Menteri Pertanian, Syahrul Yasin Limpo, kemarin mengingatkan masyarakat yang gemar mengonsumsi mi instan soal harus merogoh kocek lebih dalam. Pasalnya, harga mi diyakini akan semakin mahal imbas kenaikan harga gandum dunia yang menjadi bahan baku pembuatan mi.
Syahrul menuturkan, perang Rusia-Ukraina menyebabkan adanya pasokan gandum Ukraina yang tertahan hingga 180 juta ton. Pasokan itu tak bisa keluar akibat blokade Rusia.
"Jadi, hati-hati yang makan mi banyak dari gandum, besok harga (naik) tiga kali lipat itu. Mohon maaf saya bicara ekstrem saja ini," kata Syahrul.
Syahrul mengatakan, akibat gangguan rantai pasok global, harga gandum melonjak tinggi. Sementara, Indonesia terus melakukan impor gandum karena besarnya kebutuhan masyarakat.

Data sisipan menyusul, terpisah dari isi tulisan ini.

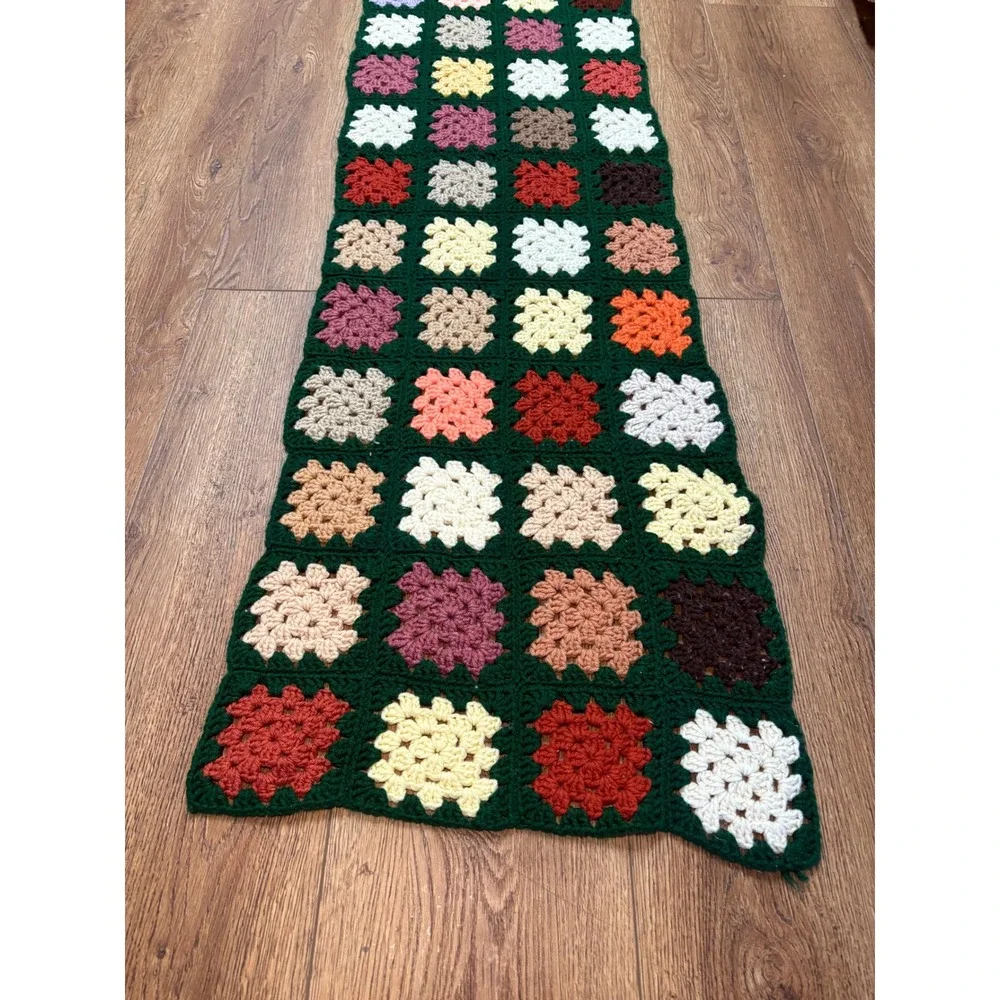 Handmade Crochet Granny Square Table Runner Green Multi Color Boho Vintage 70x19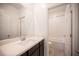 Bathroom vanity with sink and mirror next to the toilet and shower at 871 Aurelie Ridge St, Henderson, NV 89011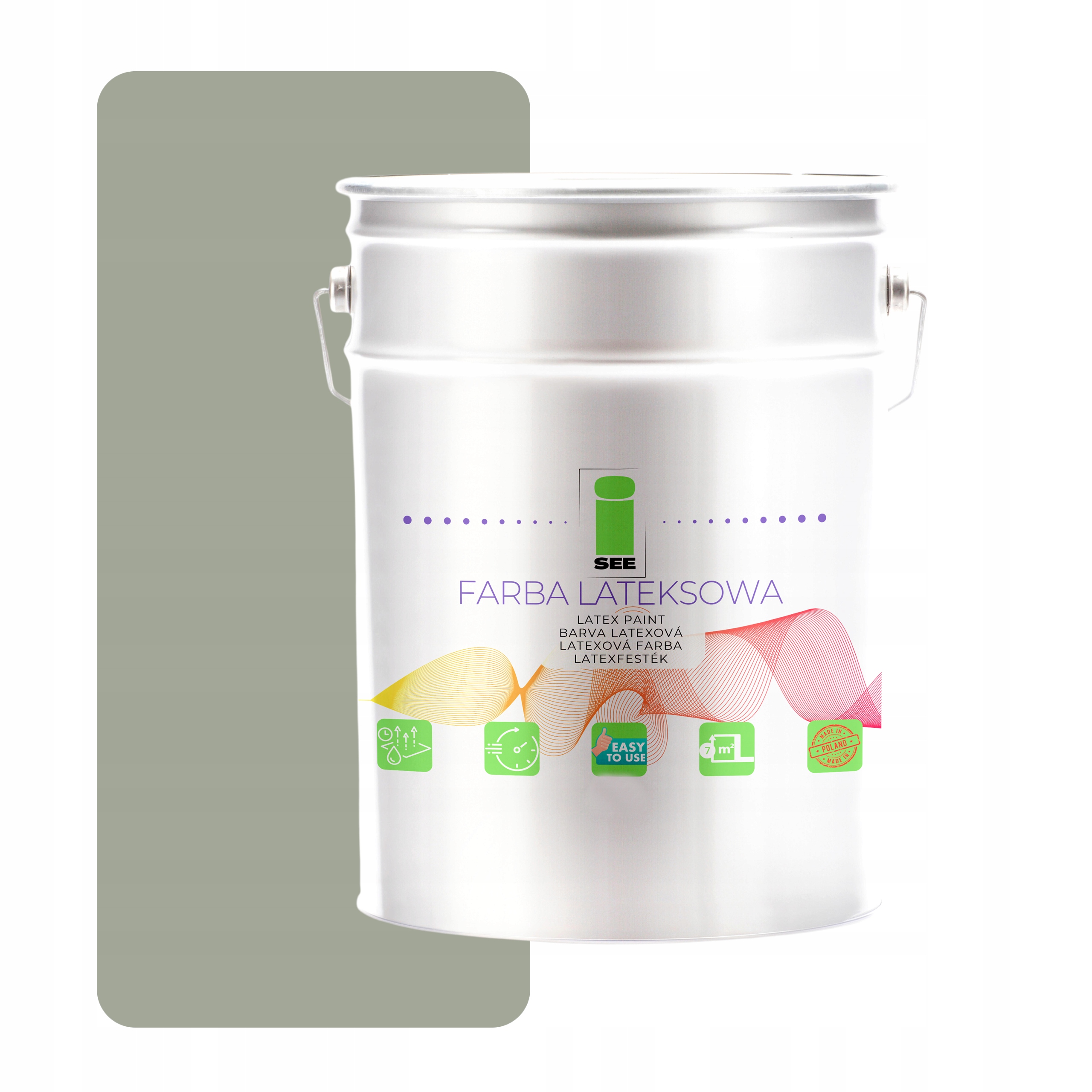 Latexová Farba Na Steny Priedušná Sivá Šalviová 10L Hypoalergénna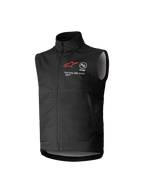 Alpinestars Youth Techstar Softshell Vest, chaleco de motocross sin mangas negro, logo de estrella roja, cuello alto, cremallera frontal, marca 'ONE GOAL. ONE VISION.', forro gris claro, equipamiento de motociclismo juvenil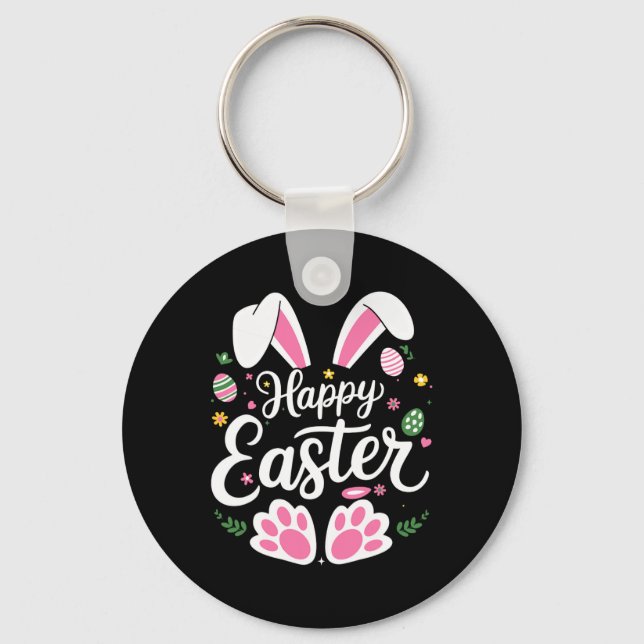 Happy Easter Bunny Easter Egg Hunt Squad Easter Wo Key Ring (Front)
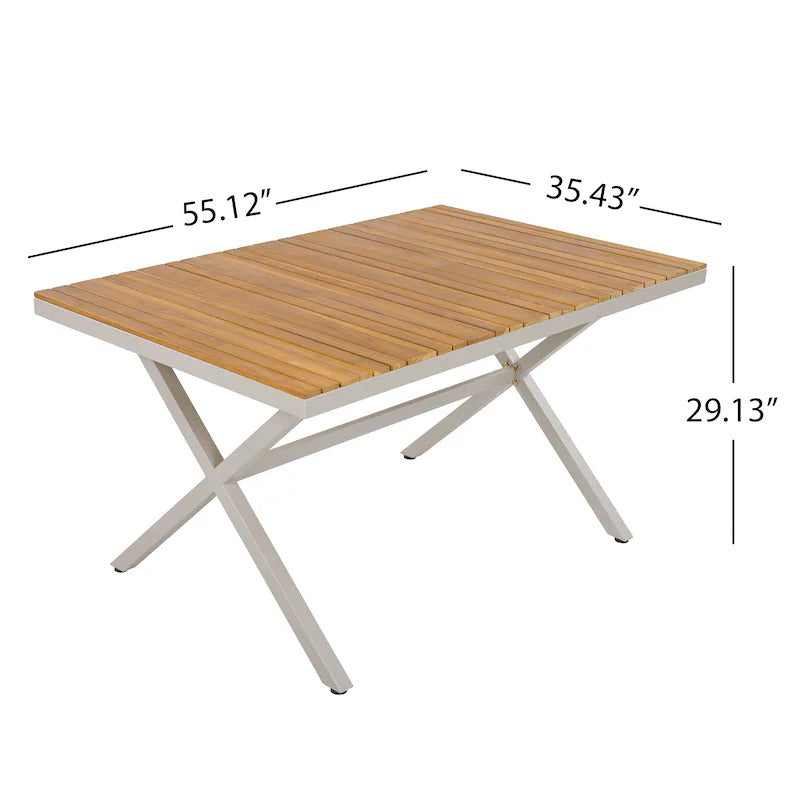 Outdoor 7-Piece Teak Dining Set - Table & 6 Wicker Chairs with Cushions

Kementerian Pertanian (Kementan) menyiapkan alternatif untuk mensubtitusi gandum impor. Pemerintah akan fokus mengembangkan sorgum sebagai pengganti gandum.
"Tahun ini Kementan mengembangkan 15 ribu hektare (ha), tahun 2023 kami akan tambah 40 ribu ha menjadi 55 ribu ha," kata Direktur Serealia Kementan, Ismail Wahab.

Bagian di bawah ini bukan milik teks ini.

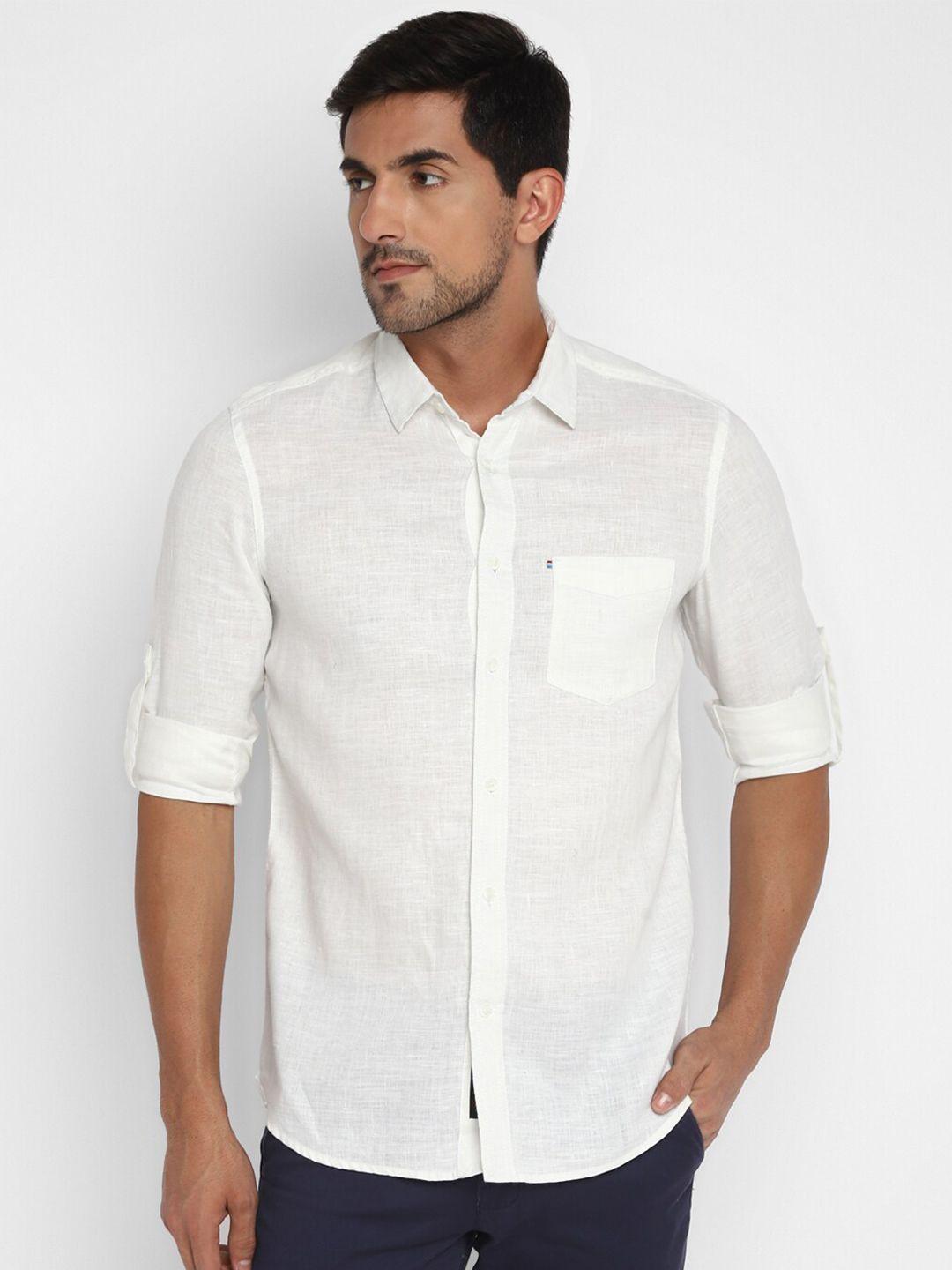 red-chief-men-white-slim-fit-pure-linen-casual-shirt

Ia mengatakan, komoditas sorgum merupakan satu famili tanaman dengan gandum. Sorgum namun memiliki kelemahan karena produk olahan tidak dapat mengembang seperti gandum. Hal itu menjadi tantangan tersendiri bagi industri makanan di Indonesia.
Menurutnya, komoditas lokal Indonesia memang tidak dapat 100 persen menggantikan gandum. Potensi sorgum sebagai alternatif namun sangat besar.

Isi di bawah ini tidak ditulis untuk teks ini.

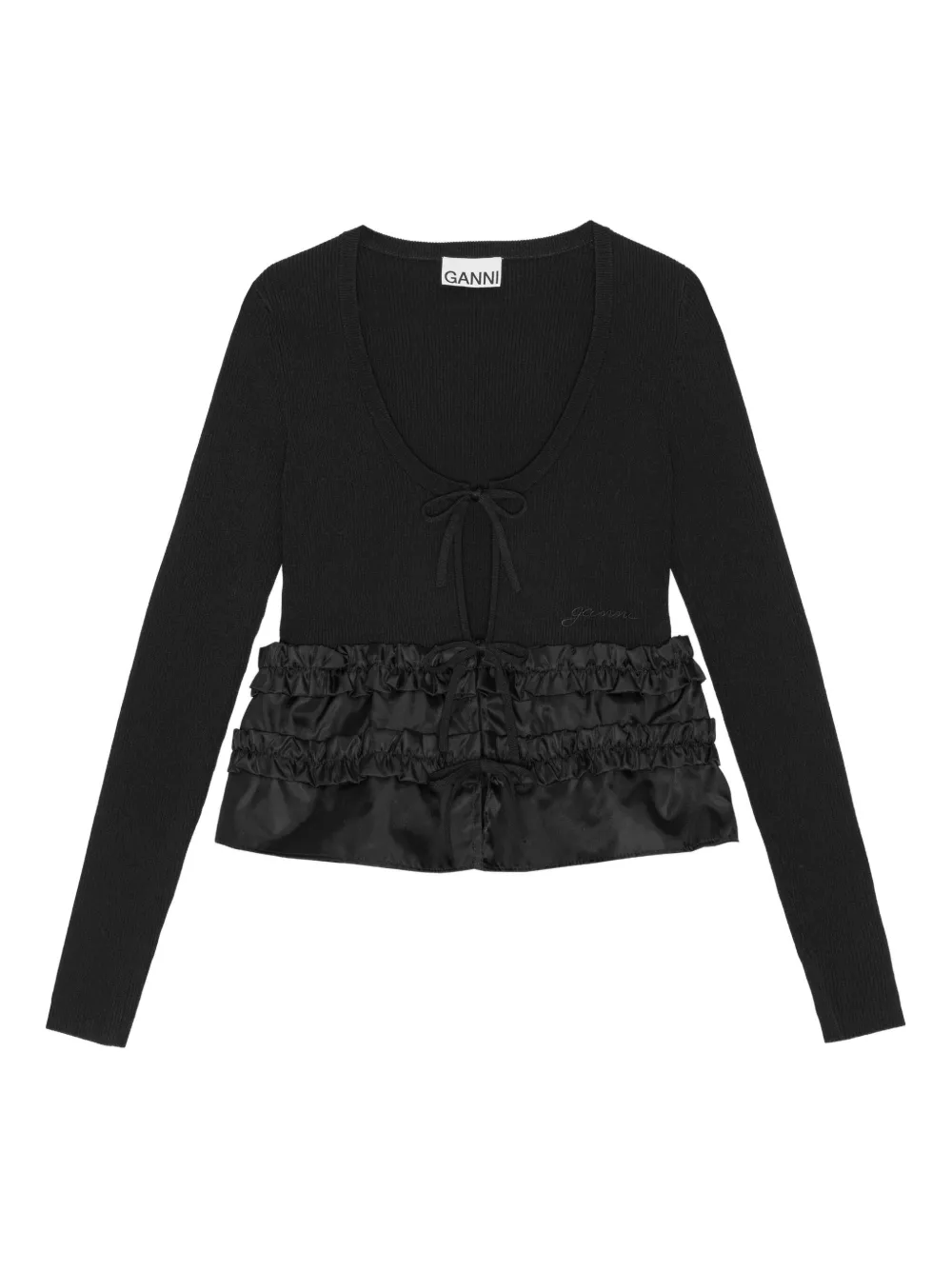 GANNI Blouse met ruches Zwart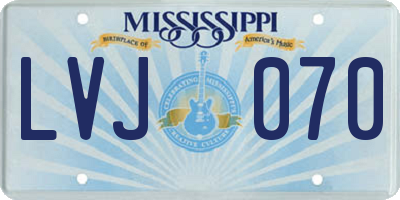 MS license plate LVJ070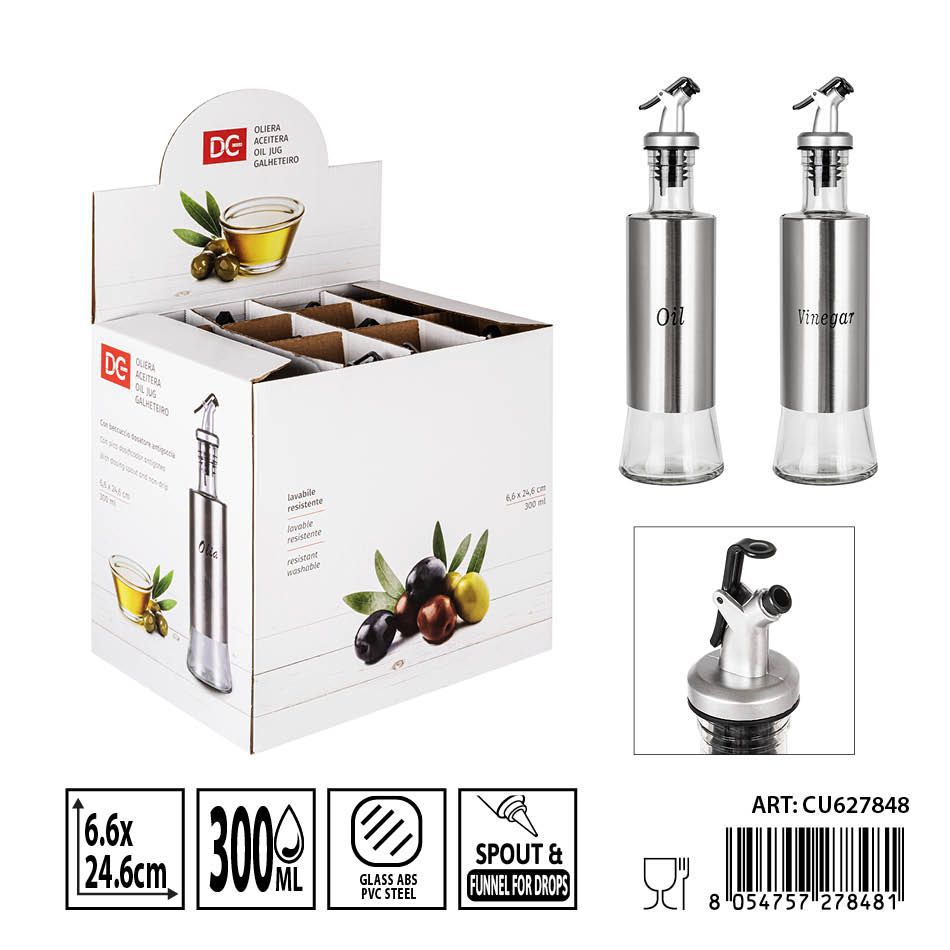 Aceitera de vidrio con tapa de metal 300 ml - Utensilios de cocina y accesorios de vidrios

Upaya itu tentunya membutuhkan peran serta industri makanan yang lebih mengerti hal teknis dalam pengolahan. Menurut Ismail, saat ini menjadi momentum yang tepat bagi sorgum di tengah ketergantungan gandum yang semakin meningkat dan tingginya harga global.
"Bagaimana kita mau mengakses gandum jika semua negara tidak mau ekspor, karena itu kita coba dengan beberapa komoditas kita. Jangan sampai kita tidak bisa akan mi atau roti," katanya.
Kepala Biro Kepala Biro Perencanaan Kerja Sama dan Humas, Badan Pangan Nasional (NFA), Risfaheri menuturkan, pangan lokal berpotensi untuk mensubstitusi 10 hingga 30 persen kebutuhan gandum untuk terigu. Khusus untuk produk olahan makanan yang tidak butuh sifat mengembang, sorgum bisa mensubsitusi hingga 100 persen.
NFA mendorong Badan Riset dan Inovasi Nasional (BRIN) agar bisa menciptakan sifat dari pangan lokal yang dapat mendekati gandum. "Apa perlu komponen enzim dan sebagainya, jadi bahan pangan lokal yang tidak punya sifat mengembang bisa mensubsitusi terigu gandum sampai 100 persen, ini tantangan ke depan," kata dia.
Hingga 2021 lalu, total impor gandum tembus hingga 11,7 juta ton, naik signifikan dari 2020 yang masih 10,5 juta ton. Meskipun, sebagian kecil impor gandum kini digunakan sebagai bahan baku pakan unggas.
Pada tahun 1970 lalu, proporsi pangan berbasis gandum hampir 0 persen. Proporsi melonjak hingga 18,3 persen di tahun 2010 dan menjadi 26,6 persen pada tahun 2020.
"Bila kecenderungan ini terus terjadi, maka saat 100 tahun RI merdeka, saya khawatir 50 persen kebutuhan pokok tergandukan gandum, bukan sorgum, jagung, tapi gandum. Ini perlu jadi perhatian bersama," kata Guru Besar Fakultas Pertanian IPB University Dwi Andreas Santosa.
Selain gandum, Andreas pun mencatat tingginya impor pangan lain. Hingga 2021, total impor pangan Indonesia tembus 27,7 juta ton. Pada 2011 lalu, total impor pangan nasional masih berkisar 16,9 juta ton.
Adapun komoditas terbesar yang diimpor yakni beras khusus, jagung untuk industri makanan, gandum, kedelai, gula tebu, ubi kayu, bawang putih, hingga kacang tanah. Komoditas itu rata-rata diimpor lebih dari 300 ribu ton per tahun.